The other day, there was some very interesting, and at times very heated, discussion on one of my fellow
MSers blogs.
What little I know about other MSers experience is simply this: we all experience it differently, and our relationship with our state is different. Those discussions clearly exemplified both of those.
I can only speak of my own struggles, and Lord knows, I don't offer myself as any sort of example of "doing it right" and certainly not as someone who's "doing it better." Here's what little I know about my own experience:
I constantly struggle against thinking about MS as an "it." It doesn't have separate existence from me. It is me--or, more precisely, the name I've given my current state. Even giving it a name gives it separateness. There is nothing about MS that is not, 100%, me. I find myself saying "The MS took my energy" or "The MS took my summer." But that's not possible; it doesn't exist.
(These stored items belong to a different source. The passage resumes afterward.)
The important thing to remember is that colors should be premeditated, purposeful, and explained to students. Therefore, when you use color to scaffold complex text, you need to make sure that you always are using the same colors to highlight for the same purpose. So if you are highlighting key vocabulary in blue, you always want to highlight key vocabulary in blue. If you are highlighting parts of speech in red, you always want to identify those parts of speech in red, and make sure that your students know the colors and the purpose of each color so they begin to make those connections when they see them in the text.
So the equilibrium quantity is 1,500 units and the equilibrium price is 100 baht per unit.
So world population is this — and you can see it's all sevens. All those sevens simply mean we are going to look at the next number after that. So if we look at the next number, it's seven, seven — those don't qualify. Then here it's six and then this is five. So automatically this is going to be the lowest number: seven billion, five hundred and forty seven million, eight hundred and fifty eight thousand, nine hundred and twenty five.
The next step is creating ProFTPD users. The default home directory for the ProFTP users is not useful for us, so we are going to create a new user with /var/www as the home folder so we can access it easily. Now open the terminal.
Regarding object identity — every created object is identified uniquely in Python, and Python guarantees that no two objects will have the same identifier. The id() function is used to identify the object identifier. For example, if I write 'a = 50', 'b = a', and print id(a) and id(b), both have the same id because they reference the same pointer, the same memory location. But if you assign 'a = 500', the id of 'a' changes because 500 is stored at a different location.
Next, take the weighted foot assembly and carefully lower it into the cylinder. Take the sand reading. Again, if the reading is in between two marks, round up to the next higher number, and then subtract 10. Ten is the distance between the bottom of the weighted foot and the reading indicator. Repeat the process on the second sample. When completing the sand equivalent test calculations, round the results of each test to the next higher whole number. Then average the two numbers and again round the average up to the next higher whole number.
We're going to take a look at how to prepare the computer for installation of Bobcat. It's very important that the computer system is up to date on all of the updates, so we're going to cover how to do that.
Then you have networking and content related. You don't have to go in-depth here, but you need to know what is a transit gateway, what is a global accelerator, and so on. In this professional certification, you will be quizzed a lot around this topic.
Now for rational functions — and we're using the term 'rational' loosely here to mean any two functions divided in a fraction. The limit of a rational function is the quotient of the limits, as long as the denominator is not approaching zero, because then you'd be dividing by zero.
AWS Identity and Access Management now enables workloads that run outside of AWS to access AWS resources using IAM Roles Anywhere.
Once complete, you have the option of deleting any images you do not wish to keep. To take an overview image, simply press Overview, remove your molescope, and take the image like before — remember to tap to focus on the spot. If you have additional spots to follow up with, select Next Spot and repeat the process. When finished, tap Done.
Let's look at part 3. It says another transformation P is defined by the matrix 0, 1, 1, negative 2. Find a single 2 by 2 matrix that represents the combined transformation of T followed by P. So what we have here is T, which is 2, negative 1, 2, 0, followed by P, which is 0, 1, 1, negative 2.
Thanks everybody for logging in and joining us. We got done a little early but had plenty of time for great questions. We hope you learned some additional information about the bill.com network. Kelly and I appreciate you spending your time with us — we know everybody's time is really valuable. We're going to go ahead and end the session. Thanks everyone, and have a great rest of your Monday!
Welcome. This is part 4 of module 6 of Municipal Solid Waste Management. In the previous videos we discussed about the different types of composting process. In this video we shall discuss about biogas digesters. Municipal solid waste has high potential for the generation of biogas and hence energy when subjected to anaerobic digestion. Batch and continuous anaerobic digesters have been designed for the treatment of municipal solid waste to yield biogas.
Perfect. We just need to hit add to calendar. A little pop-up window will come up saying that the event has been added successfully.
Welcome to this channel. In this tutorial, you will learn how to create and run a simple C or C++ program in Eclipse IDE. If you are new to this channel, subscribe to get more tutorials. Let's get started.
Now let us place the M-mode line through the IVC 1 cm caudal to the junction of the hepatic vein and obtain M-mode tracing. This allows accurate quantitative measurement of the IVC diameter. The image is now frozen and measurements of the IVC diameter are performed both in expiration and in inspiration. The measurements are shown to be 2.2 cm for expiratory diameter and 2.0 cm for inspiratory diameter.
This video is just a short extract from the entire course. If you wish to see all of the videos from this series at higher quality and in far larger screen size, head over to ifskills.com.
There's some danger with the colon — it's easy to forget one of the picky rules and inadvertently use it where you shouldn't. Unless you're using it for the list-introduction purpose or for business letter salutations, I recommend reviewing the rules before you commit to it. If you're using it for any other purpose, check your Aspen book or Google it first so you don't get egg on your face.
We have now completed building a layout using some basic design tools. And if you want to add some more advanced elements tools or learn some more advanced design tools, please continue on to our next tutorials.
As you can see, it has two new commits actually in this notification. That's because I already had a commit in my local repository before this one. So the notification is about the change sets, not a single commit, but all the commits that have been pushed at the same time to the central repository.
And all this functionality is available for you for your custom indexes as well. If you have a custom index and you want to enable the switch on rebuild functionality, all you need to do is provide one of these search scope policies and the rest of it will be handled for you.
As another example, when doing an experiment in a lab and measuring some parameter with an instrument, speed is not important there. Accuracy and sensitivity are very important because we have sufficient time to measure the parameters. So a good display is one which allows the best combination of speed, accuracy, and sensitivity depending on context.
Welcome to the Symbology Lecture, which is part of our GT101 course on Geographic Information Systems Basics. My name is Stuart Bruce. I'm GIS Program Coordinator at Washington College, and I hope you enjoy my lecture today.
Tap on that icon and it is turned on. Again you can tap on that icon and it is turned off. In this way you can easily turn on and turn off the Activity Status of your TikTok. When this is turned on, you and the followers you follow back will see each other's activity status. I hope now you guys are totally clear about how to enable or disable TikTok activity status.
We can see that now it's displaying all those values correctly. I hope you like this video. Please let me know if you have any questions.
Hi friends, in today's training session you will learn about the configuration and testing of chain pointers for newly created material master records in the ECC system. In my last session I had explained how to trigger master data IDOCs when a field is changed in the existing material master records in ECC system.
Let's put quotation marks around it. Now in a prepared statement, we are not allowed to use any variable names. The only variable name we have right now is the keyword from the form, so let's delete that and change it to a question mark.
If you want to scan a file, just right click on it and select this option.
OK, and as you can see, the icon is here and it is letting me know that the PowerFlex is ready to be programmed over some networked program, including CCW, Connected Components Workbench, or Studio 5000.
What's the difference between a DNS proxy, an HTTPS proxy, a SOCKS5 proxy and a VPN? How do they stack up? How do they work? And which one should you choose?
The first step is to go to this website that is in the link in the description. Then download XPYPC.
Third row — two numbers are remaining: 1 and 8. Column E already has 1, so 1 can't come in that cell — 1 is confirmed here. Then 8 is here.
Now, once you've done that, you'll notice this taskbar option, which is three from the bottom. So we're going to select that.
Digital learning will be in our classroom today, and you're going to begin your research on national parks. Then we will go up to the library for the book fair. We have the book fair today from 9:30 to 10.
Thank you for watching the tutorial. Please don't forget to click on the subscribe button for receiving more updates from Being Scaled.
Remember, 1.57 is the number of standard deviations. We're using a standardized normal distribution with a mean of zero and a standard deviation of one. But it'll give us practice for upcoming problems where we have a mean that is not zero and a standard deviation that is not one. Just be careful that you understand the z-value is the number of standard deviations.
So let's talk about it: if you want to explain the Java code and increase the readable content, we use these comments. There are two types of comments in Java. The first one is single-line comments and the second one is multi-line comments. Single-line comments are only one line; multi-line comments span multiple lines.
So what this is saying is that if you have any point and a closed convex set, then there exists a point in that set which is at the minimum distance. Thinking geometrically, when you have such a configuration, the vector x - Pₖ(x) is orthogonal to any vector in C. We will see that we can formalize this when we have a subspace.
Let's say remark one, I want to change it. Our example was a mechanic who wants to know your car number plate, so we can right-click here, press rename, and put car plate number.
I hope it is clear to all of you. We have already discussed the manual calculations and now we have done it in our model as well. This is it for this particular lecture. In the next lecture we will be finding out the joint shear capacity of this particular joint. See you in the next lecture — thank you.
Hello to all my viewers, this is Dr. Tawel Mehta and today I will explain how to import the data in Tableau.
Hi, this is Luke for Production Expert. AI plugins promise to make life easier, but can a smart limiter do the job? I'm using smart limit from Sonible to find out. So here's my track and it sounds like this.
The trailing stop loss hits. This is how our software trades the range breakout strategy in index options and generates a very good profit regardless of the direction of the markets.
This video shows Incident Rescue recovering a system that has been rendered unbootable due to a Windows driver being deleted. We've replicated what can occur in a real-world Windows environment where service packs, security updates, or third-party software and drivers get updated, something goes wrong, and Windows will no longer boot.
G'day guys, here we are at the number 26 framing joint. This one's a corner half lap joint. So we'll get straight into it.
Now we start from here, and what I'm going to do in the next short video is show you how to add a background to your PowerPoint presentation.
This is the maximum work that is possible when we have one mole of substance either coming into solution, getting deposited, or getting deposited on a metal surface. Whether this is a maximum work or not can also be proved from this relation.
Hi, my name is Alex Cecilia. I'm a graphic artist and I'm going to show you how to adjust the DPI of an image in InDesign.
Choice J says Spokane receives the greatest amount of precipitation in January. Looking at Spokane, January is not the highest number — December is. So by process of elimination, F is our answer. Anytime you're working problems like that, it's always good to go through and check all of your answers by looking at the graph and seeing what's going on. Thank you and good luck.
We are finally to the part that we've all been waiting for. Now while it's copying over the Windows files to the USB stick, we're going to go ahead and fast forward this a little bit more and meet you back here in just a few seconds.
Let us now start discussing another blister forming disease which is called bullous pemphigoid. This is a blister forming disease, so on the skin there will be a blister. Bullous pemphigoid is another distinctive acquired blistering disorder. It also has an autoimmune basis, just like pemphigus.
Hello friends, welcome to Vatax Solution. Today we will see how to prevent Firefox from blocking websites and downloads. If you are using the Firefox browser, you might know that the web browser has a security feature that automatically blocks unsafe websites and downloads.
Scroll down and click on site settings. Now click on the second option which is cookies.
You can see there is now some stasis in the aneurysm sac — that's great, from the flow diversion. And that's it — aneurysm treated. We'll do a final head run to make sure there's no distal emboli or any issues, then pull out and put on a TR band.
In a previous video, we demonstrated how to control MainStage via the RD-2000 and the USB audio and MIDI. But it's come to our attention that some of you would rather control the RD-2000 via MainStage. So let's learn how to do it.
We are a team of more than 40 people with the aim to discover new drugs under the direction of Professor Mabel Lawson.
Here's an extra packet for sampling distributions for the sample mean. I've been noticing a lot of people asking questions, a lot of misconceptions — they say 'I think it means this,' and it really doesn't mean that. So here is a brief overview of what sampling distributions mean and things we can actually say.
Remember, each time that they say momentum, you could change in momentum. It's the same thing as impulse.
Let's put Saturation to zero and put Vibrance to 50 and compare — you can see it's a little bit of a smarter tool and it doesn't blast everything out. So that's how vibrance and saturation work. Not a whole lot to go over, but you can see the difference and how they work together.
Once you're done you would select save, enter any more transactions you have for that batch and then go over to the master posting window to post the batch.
Sometimes we get stuck on single moments. Something intense happens, and we don't fully experience it, we don't fully experience our reaction to it. We remain stuck in that moment in the past, and our present is colored by that moment until we deal with it, and fully release the charge on that moment. My initial reaction when I received The Diagnosis was—deflection. "Those white blotches aren't supposed to be there," I asked the neurologist as he showed me my MRI. "Those are the scleroses of which I have multiple." He nodded. And what passed for my "reaction" to the diagnosis was precisely these words: "Well, it was going to be something eventually, anyway."
I meet every disease-associated change with deflection. I laugh. "You can't write jokes like this." And really, on retrospection, it often is funny, in a strange way. Or I shrug it off. "Oh well," I say. "It's an inconvenience, not a tragedy." Often that's a reasonable assessment, quite fairly made in retrospect.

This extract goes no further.